Fair point as well re: A/B. I generally deploy with canaries rather than blue/green so I wasn't thinking in those terms. Definitely food for thought, thank you again @codrcodz.

Edit to ask: Would it be reasonable to add CNAMEs to hosts when such testing or deploying is going on and have the above be the canonical name?

[NeilHanlon]

I think if we did anything I'd want to do canary testing.
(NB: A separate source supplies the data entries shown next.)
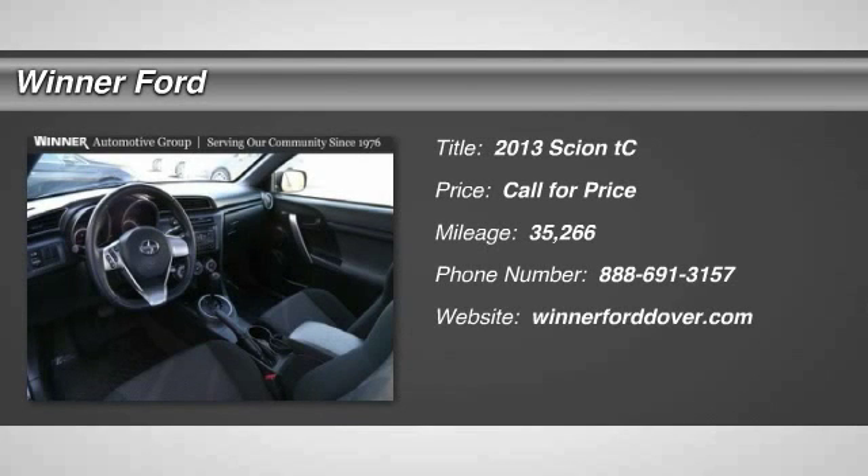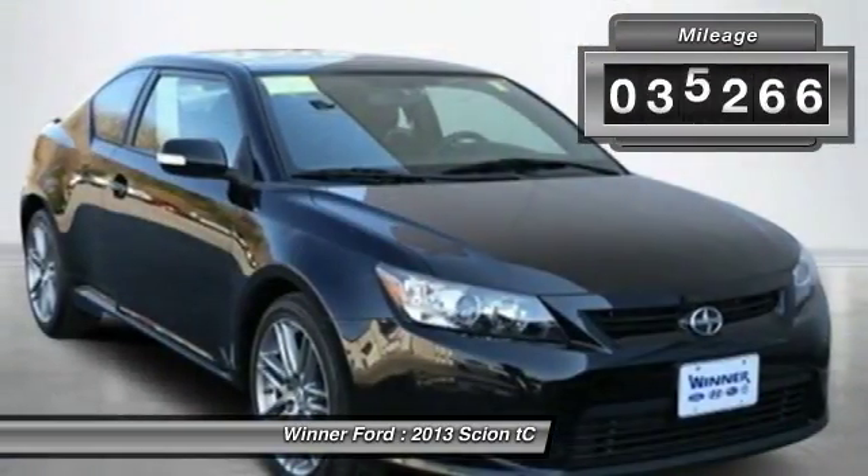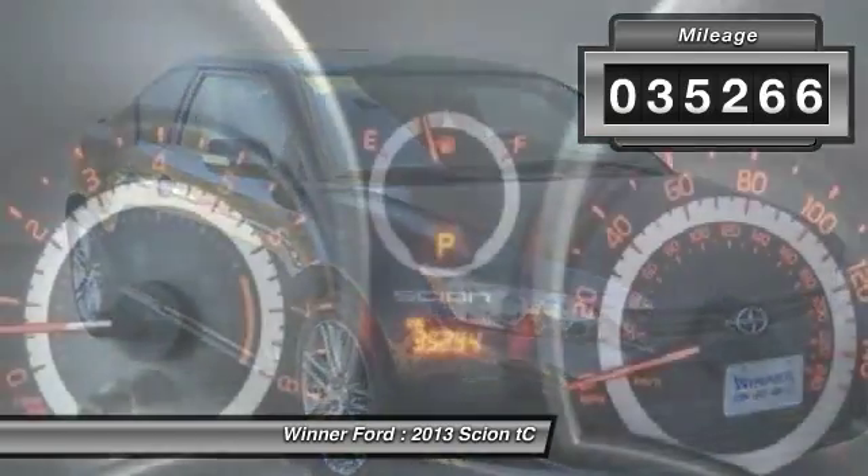The 2013 Scion TC. The Scion TC is powered by a spirited engine with a completely responsive handling system. This vehicle has less than 40,000 miles. Here are some of this vehicle's great options.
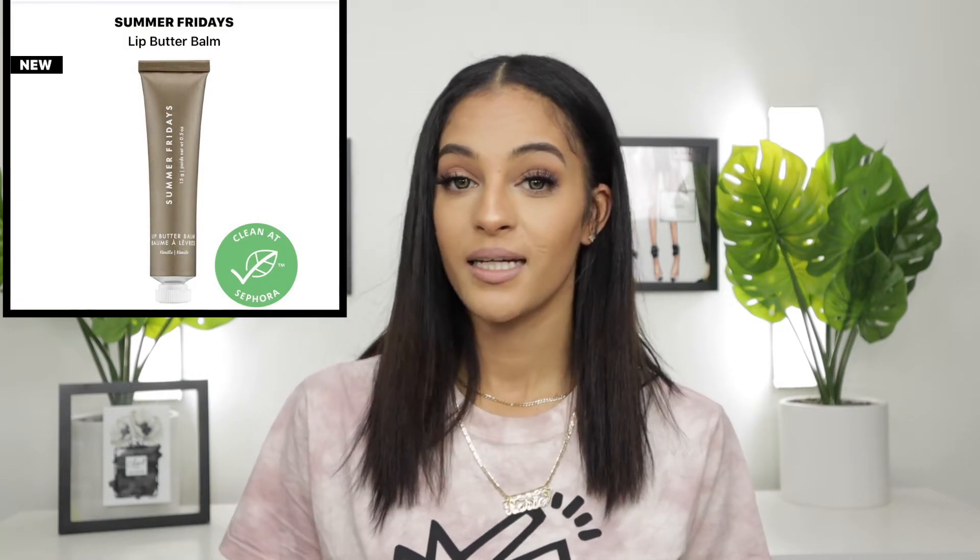Next is the Summer Fridays Lip Butter Balm. This item is definitely on my wish list. I've been looking into it many times and I'm very interested in purchasing it. I do love the Laneige Lip Sleeping Mask — this is like my third purchase of it and I'm just obsessed. But I do want to give the Summer Fridays one a try because I love their Jet Lag Mask as well as some other products from them. So at $22 for a 0.5 ounce little tube, I'm going to do it. It's on my wish list because I definitely want to try this out.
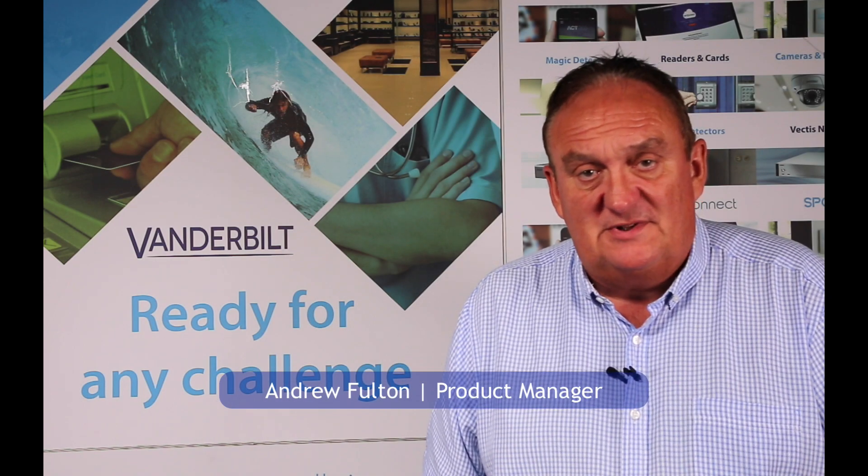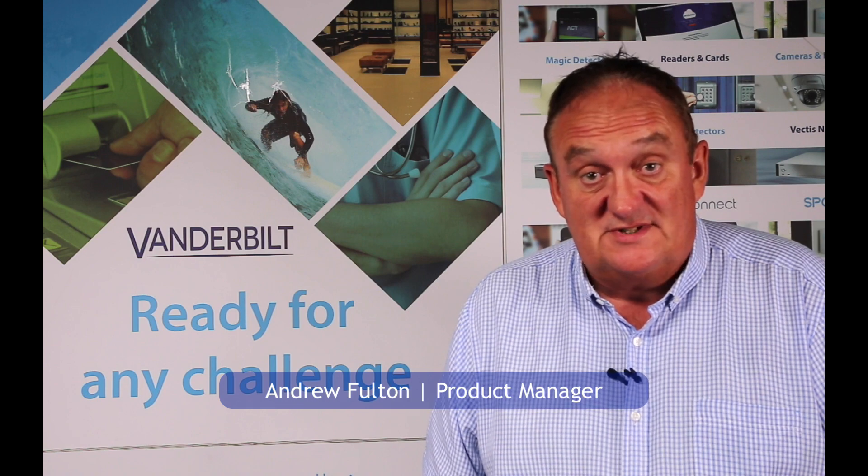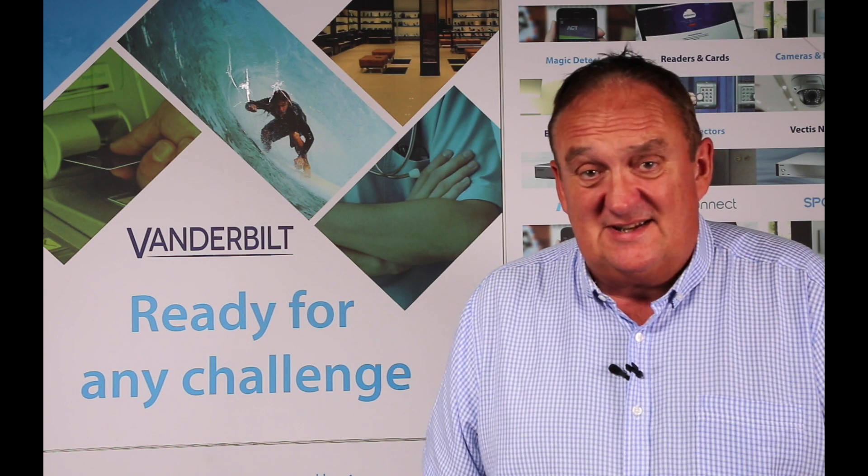Hello, I'm Andrew Fulton, Head of Product Management for Vanderbilt International for access control systems. The IF6 show is very interesting. We launched the beta release of ACTA Enterprise 2.8 and we were quite surprised how much interest there was in some of the features. We spent a lot of time bringing these features to the marketplace to basically make a difference in how people can use the system.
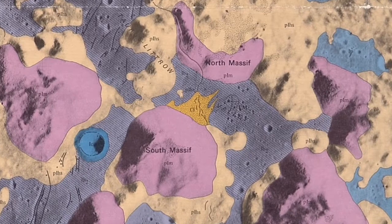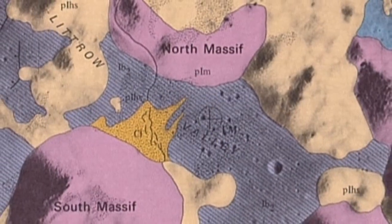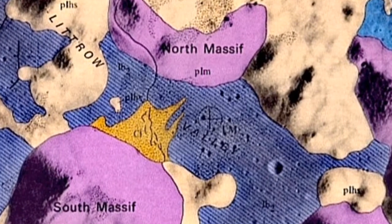This is Station 2 of the Apollo 17 landing site. It shows that the astronaut is standing exactly on the thrust fault, near the crater Clara.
So I'm OK with not planning on dealing with It in dns.

Sounds like a future Rocky / us problem

[codrcodz]

Edit to ask: Would it be reasonable to add CNAMEs to hosts when such testing or deploying is going on and have the above be the canonical name?

@pxdnbluesoul, absolutely. In my experience, things go much more smoothly when every host has exactly one A record, and everything else is a CNAME. I think I even mention this in the reference architecture excerpt I posted in the IP schema issue.

[aevtech]

Hello,

Maybe you guys have figured this part out already but this is how DNS is done at our locations. For example:

app - cluster - team - purpose - location - environment - domain

So, if we made some haproxy host for the repos by the infra team, it would look something like this:

haproxy[01-02].c01.inf.repos.nj1.prod.rockylinux.org

This host name will tell us what the host is, it's cluster in case there are multiples. who it belong to, the purpose of the host, where it's located and what environment it's in. We also break everything down in Ansible using inventory files so we don't have to worry which environment what runs on since it is all separated and use AWX UI to deploy the Ansible code.